# Normal Distribution

• Nov 1st 2012, 06:55 PM
samanthah8625
Normal Distribution
A sell-out crowd of 42,200 is expected at Cleveland's Jacob field. The ballpark's concession manager is trying to decide how much food to have on hand. Looking at records from games played earlier in the season, she knows that, on average 38% of all those in attendance will buy a hot dog. How large an order should she place if she wants to have no more than a 20% chance of demand exceeding supply?
• Nov 1st 2012, 07:05 PM
chiro
Re: Normal Distribution
Hey samanthah8625.

This is actually a proportion/Bernoulli estimation problem but since you have so many people, you can use a Normal approximation.

Hint: Do you know how to calculate the standard deviation of the mean? (Given that the variance is p*(1-p) with n observations)?
• Nov 1st 2012, 07:43 PM
samanthah8625
Re: Normal Distribution
Yeah i know the formula X=(np(1-p))^(1/2) Z+ np which would be X= 99.7 Z + 16036 but the problem I'm having is what the probability would be. P( Z < ?)
• Nov 1st 2012, 09:29 PM
chiro
Re: Normal Distribution
Well if you want to have 20% not exceeding supply you need to find the distribution of the sample mean X and show that P(X < a) = 0.8 where you need to find a.

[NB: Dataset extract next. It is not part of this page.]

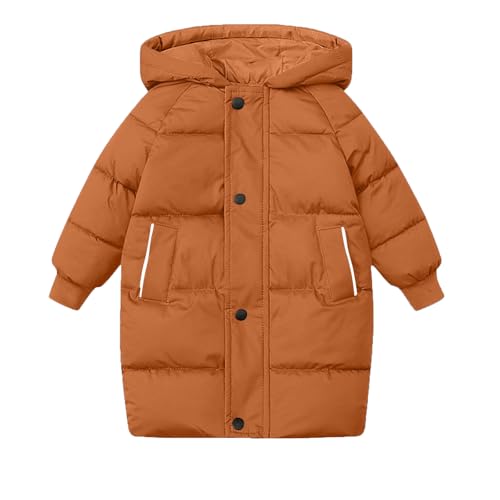 Daunenjacken Mädchen Lang Wintermäntel Dicke Warme Winterjacke Outdoor Winddichte Pufferjacke Kapuzen Leicht Daunen Jacke Kinder Kapuzenjacke mit Reißverschluss Locker Fleecefutter Steppjacke von Komiseup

You are given the distribution of X as normal with sample mean p = 0.38 and variance p*(1-p)/N where N is the number of people in the stadium so you have complete information to get the distribution and solve for the probability (it will be a quantile calculation).

Once you have this, then you have an upper limit of the proportion of hot-dogs that you need since a will be a proportion (it should be given this problem).

If you assume that one person will buy a hot-dog then the limit proportion will b a*N where N again is the number of people.